Chinese banks behind the financing

Chinese financing for infrastructure projects has come mainly from two policy banks: China Exim Bank provided 67 per cent of the total loans between 2000 and 2015, and China Development Bank 13 per cent.12. Infrastructure financing provided by China to Africa averaged US$11.5bn between 2012 and 2016, peaking at US$20.9bn in 2015. This included a number of larger transport and energy deals.

The Belt and Road route to a more connected Africa

China’s emphasis on infrastructure construction increased with the launching of the Belt and Road Initiative (BRI). First announced by President Xi in 2013, the BRI is a transcontinental development project that seeks to improve connectivity between Asia, Europe, and Africa, and ultimately increase trade and connectivity, development and prosperity along economic corridors. It consists of two parts.

The first is the Silk Road Economic Belt, which refers to the land connection through Central Asia to Europe. The second is the 21st Century Maritime Silk Road, a connection through Southeast Asia, South Asia, Africa, and, finally, Europe. So far 105 countries and international associations have signed 123 documents under the auspices of the BRI. This includes 37 African countries and the AU, which in September 2018, at the seventh FOCAC meeting, signed BRI-related memoranda of understanding (MOUs).

Over the past five years to June 2018, the trade volume between China and BRI countries has grown to over US$5 trillion. Chinese FDI through the BRI has amounted to US$70bn and over US$500bn worth of Engineering, Procurement and Construction (EPC) contracts were signed. More than 82 trade cooperation zones have been established, which in turn have created 244,000 jobs for host countries. China’s domestic economic growth model is in transition and its industry shifting to a higher position in the value chain.

Chinese construction firms and state-owned enterprises (SOEs) are moving their excess capacity offshore, having accumulated knowledge and an experienced workforce building infrastructure in the domestic market. In a document released in August 2017, China’s State Council announced that overseas investments in sectors such as consumer, telecom, transportation, and energy resources infrastructure are key for outbound activities.

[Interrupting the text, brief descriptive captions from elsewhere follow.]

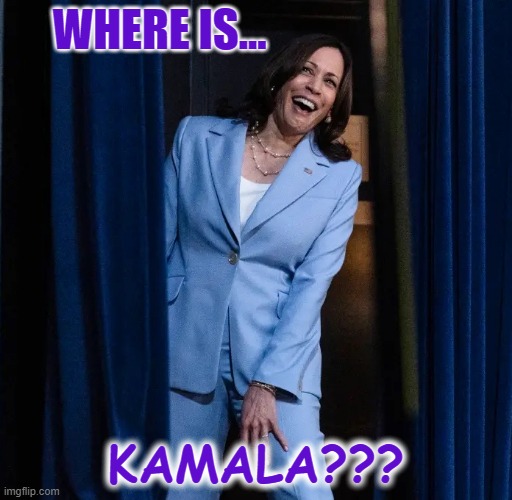 She won't take questions from the media.  Why?  WHAT IS SHE HIDING? | WHERE IS... KAMALA??? | image tagged in liberal hypocrisy,liberal media,liberal logic,hollywood liberals,stupid liberals,harris | made w/ Imgflip meme maker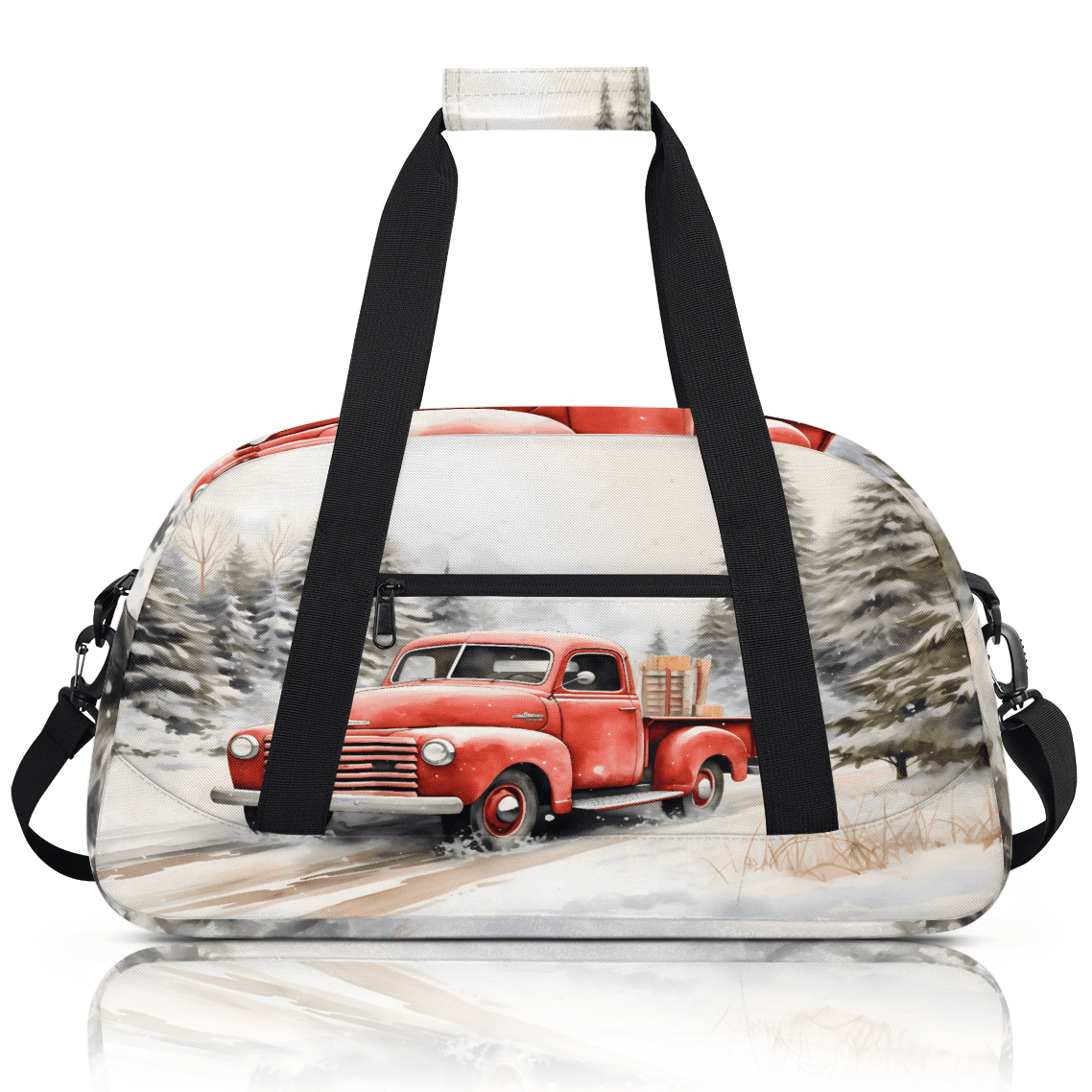 Herdesigns Sports Duffle Bags Travel Duffle Bag Gym Bag Red Truck Winter Forest Weekender Travel Bag Waterproof Overnight Bag Carry On Travel Tote Bag Dance Bags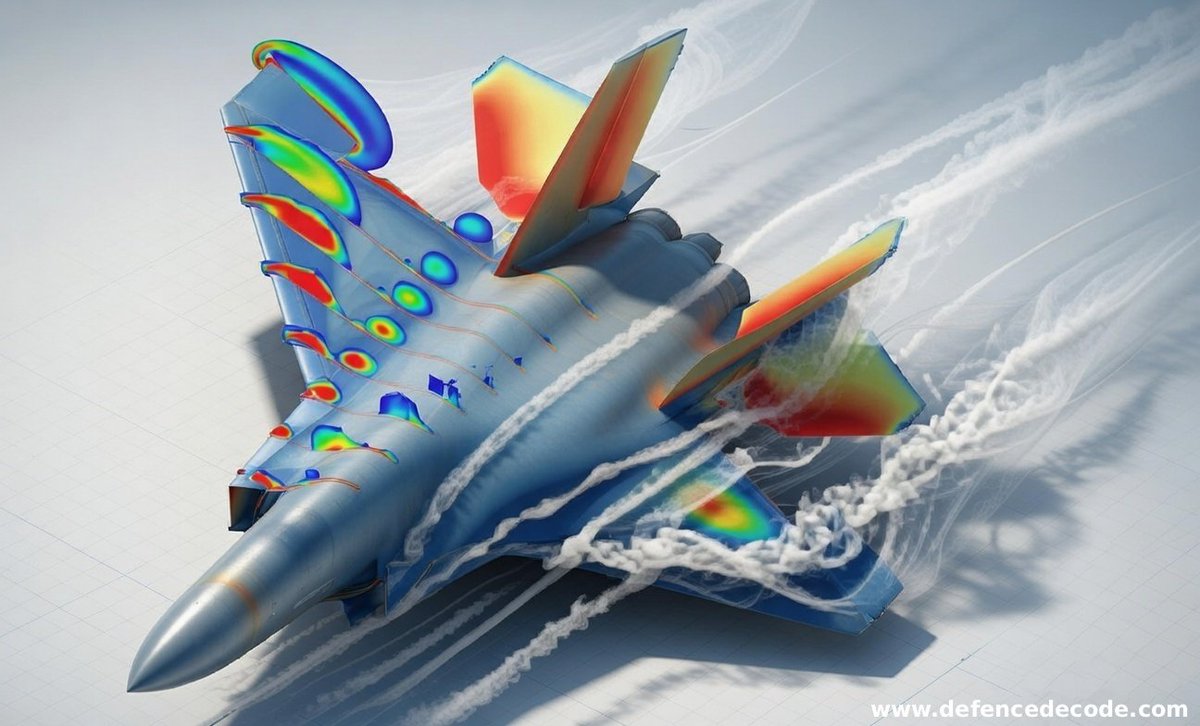 DefenceDecode's tweet image. Control Power Simulation(#CPS) is an aerodynamic analysis process used to measure how effective the aircraft’s control surfaces are at maneuvering the jet. 
It refers to how much authority a control surface has over the aircraft’s motion.

For a stealth fighter like #AMCA, this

Linking to East Africa – and further

The Eastern African coastal region is being brought into China’s expanding sphere of commercial influence through it connecting to the so-called Maritime Silk Route. Deloitte  Africa Construction Trends report shows the concentration of activity by Chinese financiers and builders in East Africa, specifically in the Transport, Shipping & Ports sectors. Although countries in East and also North Africa have been the largest recipients of Chinese investment to date, West and Southern African countries have also signed cooperation agreements under the BRI.

What the BRI could mean for Africa

Beyond financing and construction support, the anticipated benefits of BRI projects include:

  • Improved connectivity and logistics
  • Greater investment in BRI and non-BRI countries
  • Raising the profile of specific countries for investment
  • Promoting intra-regional and global trade
  • Technology and skills transfers and spill-over
  • Fast-tracking infrastructure development

BRI projects and initiatives are an extension of the BRI goals and the African Union’s Agenda 2063 and Programme for Infrastructure Development in Africa (PIDA), which push for greater regional integration within the continent.

Conclusions

There are concerns about China’s interests in Africa, with criticisms often ranging from China’s self-interest to the nature of the financing relationship and increasing indebtedness of African economies. But abundant Chinese funds at a time when African countries are looking for alternative sources of development finance, and the global appetite and capacity of Chinese construction firms, could be a win-win combination for China and Africa. In addition, the Belt and Road Initiative, benefiting from Chinese firms’ access to preferential financing for overseas investments and exports, is making African economies more connected to one another and to the outside world, boosting economic diversification and growth. This is likely to strengthen China’s activity in Africa’s I&CP sector.